I am new to ELK. I have created a new index myself. But the data is still feeding into the old index. How do i switch it to new index?
What are you using to send the data?
filebeat to logstash to elastichseach and kibana
What is the logstash pipeline configuration ?
This is the output
output {
if [fields][log_type] == "networkInfo"{
elasticsearch {
hosts => ["localhost:9200"]
manage_template => false
index => "%{[@metadata][beat]}-%{[@metadata][version]}-%{+YYYY.MM.dd}"
}
} else if [fields][log_type] == "websocket" {
elasticsearch {
hosts => ["localhost:9200"]
manage_template => false
index => "mdp-huobi-wslog-delay-%{+YYYY.MM.dd}"
}
}
if "_dateparsefailure" in [tags] {
file {
path => "/var/log/logstash/dateparsefailure.log"
codec => json_lines
}
}
file {
path => "/var/log/logstash/output.log"
codec => rubydebug
}
# stdout { codec => rubydebug }
}
But the data is still feeding into the old index. How do i switch it to new index?
What is the new index you want to send data to?

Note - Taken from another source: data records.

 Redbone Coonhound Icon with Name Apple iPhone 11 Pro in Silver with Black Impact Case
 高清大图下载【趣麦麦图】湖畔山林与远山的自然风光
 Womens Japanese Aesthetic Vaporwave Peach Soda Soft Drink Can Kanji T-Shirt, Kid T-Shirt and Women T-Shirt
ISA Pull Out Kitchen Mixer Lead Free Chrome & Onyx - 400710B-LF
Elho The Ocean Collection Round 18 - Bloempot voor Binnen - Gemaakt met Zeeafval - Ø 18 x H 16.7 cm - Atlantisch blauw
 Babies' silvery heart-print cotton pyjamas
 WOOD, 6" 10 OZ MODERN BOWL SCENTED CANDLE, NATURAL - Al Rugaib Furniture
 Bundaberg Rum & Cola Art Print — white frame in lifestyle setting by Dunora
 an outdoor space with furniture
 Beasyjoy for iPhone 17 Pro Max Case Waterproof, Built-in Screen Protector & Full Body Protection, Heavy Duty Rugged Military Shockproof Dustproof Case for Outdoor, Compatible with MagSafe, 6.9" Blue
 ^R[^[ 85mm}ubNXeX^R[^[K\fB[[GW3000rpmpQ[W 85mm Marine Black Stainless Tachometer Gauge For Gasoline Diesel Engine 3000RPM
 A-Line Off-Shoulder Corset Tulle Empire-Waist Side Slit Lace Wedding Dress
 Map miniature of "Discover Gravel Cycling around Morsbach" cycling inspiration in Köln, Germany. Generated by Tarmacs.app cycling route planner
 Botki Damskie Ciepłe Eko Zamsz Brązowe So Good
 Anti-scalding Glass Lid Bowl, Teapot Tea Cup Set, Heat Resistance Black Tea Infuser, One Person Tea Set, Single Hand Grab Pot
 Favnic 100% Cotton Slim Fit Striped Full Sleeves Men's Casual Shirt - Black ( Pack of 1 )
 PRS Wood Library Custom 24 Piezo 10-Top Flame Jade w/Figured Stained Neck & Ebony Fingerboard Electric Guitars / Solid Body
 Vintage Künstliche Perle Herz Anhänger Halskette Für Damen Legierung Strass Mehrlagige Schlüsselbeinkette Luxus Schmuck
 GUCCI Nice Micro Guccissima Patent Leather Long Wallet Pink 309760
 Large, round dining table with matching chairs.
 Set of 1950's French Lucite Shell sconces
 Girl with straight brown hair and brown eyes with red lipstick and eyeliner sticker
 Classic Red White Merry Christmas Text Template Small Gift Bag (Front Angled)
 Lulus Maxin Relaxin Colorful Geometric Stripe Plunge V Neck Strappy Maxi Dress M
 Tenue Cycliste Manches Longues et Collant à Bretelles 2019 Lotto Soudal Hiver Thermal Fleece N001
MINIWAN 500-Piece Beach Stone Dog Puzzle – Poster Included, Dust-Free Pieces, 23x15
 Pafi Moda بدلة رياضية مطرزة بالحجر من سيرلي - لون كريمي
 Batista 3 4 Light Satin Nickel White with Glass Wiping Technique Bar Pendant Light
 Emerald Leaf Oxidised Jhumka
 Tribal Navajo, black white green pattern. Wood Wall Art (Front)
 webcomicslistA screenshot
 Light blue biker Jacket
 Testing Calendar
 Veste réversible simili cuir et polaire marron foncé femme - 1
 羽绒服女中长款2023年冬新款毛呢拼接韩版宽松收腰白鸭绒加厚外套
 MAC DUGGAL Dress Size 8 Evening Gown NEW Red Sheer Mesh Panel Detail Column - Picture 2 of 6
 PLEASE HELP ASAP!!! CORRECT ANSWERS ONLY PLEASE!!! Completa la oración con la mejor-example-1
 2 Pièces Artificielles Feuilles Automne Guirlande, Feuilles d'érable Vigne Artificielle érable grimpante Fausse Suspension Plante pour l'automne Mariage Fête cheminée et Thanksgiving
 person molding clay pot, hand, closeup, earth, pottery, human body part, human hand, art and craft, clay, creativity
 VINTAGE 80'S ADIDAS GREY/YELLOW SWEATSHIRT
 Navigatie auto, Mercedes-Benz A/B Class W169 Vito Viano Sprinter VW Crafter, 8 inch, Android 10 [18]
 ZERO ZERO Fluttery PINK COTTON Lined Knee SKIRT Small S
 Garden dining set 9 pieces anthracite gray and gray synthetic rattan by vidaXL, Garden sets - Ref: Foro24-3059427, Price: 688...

The new index i created my self is filebeat-7.6.1-2020.04.26-000001. I wish it will roll over day after day like filebeat-7.6.1-2020.04.27 and filebeat-7.6.1-2020.04.28 and filebeat-7.6.1-2020.04.29 but now it rollover like filebeat-7.6.1-2020.04.26-000001, filebeat-7.6.1-2020.04.26-000002, filebeat-7.6.1-2020.04.26-000003 and no data feed into it.
Actually, the old index has got the name pattern I wish correctly , it can roll over day by day like filebeat-7.6.1-2020.04.27 and filebeat-7.6.1-2020.04.28 and filebeat-7.6.1-2020.04.29 successfully, but index lifecycle policy doesn't work for it, so I created a new index and tried to apply the index lifecycle policy on it.
So does filebeat send data to logstash and then logstash to Elasticsearch?
index => "%{[@metadata][beat]}-%{[@metadata][version]}-%{+YYYY.MM.dd}"
This seems to be your index name. So the data are sent to this index I think.
This topic was automatically closed 28 days after the last reply. New replies are no longer allowed.